Dans son affidavit, rédigé par Me Kaviraj Bokhoree, avoué, ce chauffeur du van scolaire demande que le règlement 119 de 2021 et la signature du formulaire de consentement soient déclarés «nuls et non avenus». Il considère que le ministère de la Santé et l'État ont commis «une violation flagrante» en passant une telle législation subsidiaire à travers un règlement et non par une loi au Parlement.

Cette mesure a été introduite le 2 juin 2021 et vise à prévenir la propagation du Covid-19 à travers le pays pendant la période de quarantaine. Selon ce règlement, aucune personne ne peut avoir accès à une institution spécifique à moins qu'elle ne produise un certificat attestant qu'elle a été vaccinée. Au cas contraire, elle doit exhiber un résultat de test RT-PCR certifiant qu'elle est négative au Covid-19 et ledit document ne doit pas être daté de plus de sept jours après la réalisation du test.

Le ministère de l'Éducation a annoncé à la Mauritius Broadcasting Corporation, le 2 juin, que les enseignants qui refuseront de se faire vacciner, devront prendre un leave without pay et qu'ils n'auront pas accès à des institutions scolaires. Ceux qui optent pour le vaccin doivent signer un formulaire de consentement dans lequel ils s'engagent à ne pas poursuivre l'État en cas de décès ou de blessures éventuelles. Il a été rapporté dans le monde que des personnes, qui ont fait le vaccin anti-Covid-19, ont subi des complications ou en sont mortes.

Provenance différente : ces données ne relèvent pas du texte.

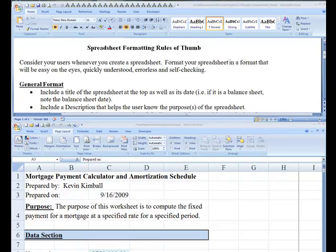Aloha, my name is Kevin Kimball. I'm an Associate Professor of Accounting, and the purpose of this video is to step you through a file named Spreadsheet Formatting Rules of Thumb. This file is available to you in Blackboard under the Materials tab for the Accounting 386 course or in the Accounting 232b course.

Pour le chauffeur de van scolaire, cette décision gouvernementale est «illégale». Il dit que pour transporter des étudiants au Couvent Lorette de Curepipe et pour emmener sa mère alitée à son rendez-vous médical, il n'a d'autre choix que de se faire vacciner et de signer le formulaire de consentement.

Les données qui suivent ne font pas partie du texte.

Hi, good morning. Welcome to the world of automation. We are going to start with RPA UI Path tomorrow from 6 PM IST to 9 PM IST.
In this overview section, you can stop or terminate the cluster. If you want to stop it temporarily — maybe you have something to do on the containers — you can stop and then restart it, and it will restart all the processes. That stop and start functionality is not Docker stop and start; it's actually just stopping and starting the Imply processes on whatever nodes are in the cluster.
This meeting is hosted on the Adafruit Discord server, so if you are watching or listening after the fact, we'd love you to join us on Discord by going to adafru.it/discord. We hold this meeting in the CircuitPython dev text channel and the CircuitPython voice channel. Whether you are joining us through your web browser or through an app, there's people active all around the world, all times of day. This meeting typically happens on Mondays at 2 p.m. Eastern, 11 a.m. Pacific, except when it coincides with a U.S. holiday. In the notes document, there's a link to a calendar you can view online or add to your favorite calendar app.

Pour lui, cette exigence est contraire à plusieurs clauses de la Constitution et à d'autres règlements du pays. Il pense qu'il s'agit d'un Colourable device de la part du ministère de la Santé et de l'État.

Joseph Lindsay Mario Marion rappelle qu'il y a de longues queues devant les centres de vaccinations et qu'il n'y a pas de distanciation sociale et que c'est fait «with total disregard of COVID-19 and it defeats the purpose of being vaccinated». Pour le chauffeur de van scolaire, l'imposition d'une amende de Rs 500 000 et un emprisonnement de cinq ans sont contraires aux articles 45 et 46 de la Constitution de Maurice.

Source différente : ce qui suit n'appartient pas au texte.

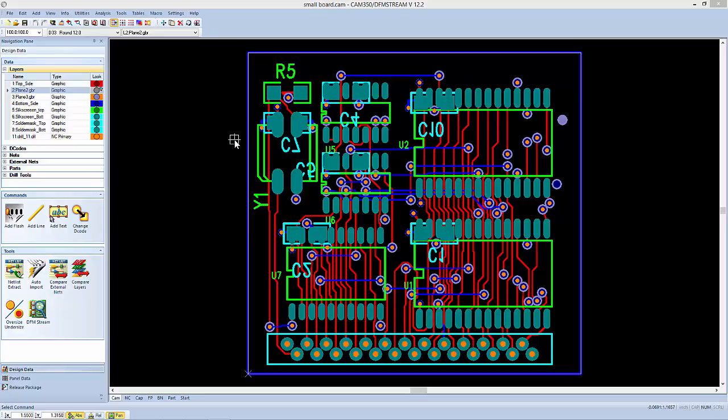Sometimes all you have is Gerber files and you need to extract centroid information for pick and place equipment. In this video I'm going to show you how to use the Quick Part functionality in CAM350 and DFM Stream to quickly identify parts, and then once those parts are identified, how we can generate a centroid report from them.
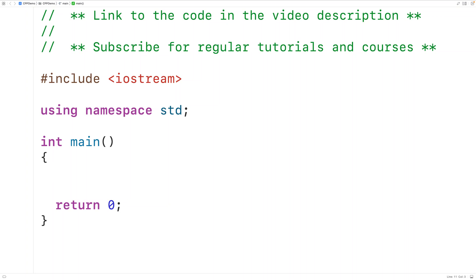In this video, we're going to learn how to calculate the perimeter of a triangle with C++. We'll use user input values for the three triangle side lengths.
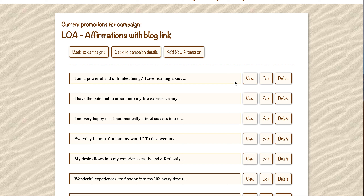So to get around that problem, before these tweets are published to Twitter, they are spun — so they are completely random each time. I'm going to jump into just one of these to show you how that works.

Il a retenu les services de Me Lovena Sowkhee et de Me Nawaz Dokhee, avocats. L'avocate, commentant cette demande de révision judiciaire devant la Cour suprême après son dépôt, affirme que «ce règlement est illégal, anticonstitutionnel et antidémocratique» car il n'a pas été voté au Parlement. Elle explique donc avoir demandé un stay of execution jusqu'à ce que l'affaire soit en- tendue. «La Cour est un rempart pour faire respecter la loi. Cette manière de faire est dictatoriale, unilatérale et nous la remettons en question en cour.»

Lindsay Marion, qui s'est également exprimé, estime que son droit «est lésé» avec ce règlement. Il en va de même pour celui de sa mère et de sa voisine, des octogénaires refusant la vaccination dont il s'occupe et achemine généralement à l'hôpital en cas de besoin.

Tout en présentant ses condoléances au Premier ministre pour le décès de son père, sir Anerood Jugnauth, l'avoué Kaviraj Bokhoree dit avoir retenu du défunt et d'avoir fait sienne sa phrase mémorable : «To montré to lédwa, mo pou sot to lédwa.» Il demande au Dr Laurent Musango, représentant de l'Organisation mondiale de la Santé (OMS), cité à comparaître en ex-parte lundi, de donner «une directive claire de ce que l'OMS préconise à la population mauricienne par rapport à la vaccination».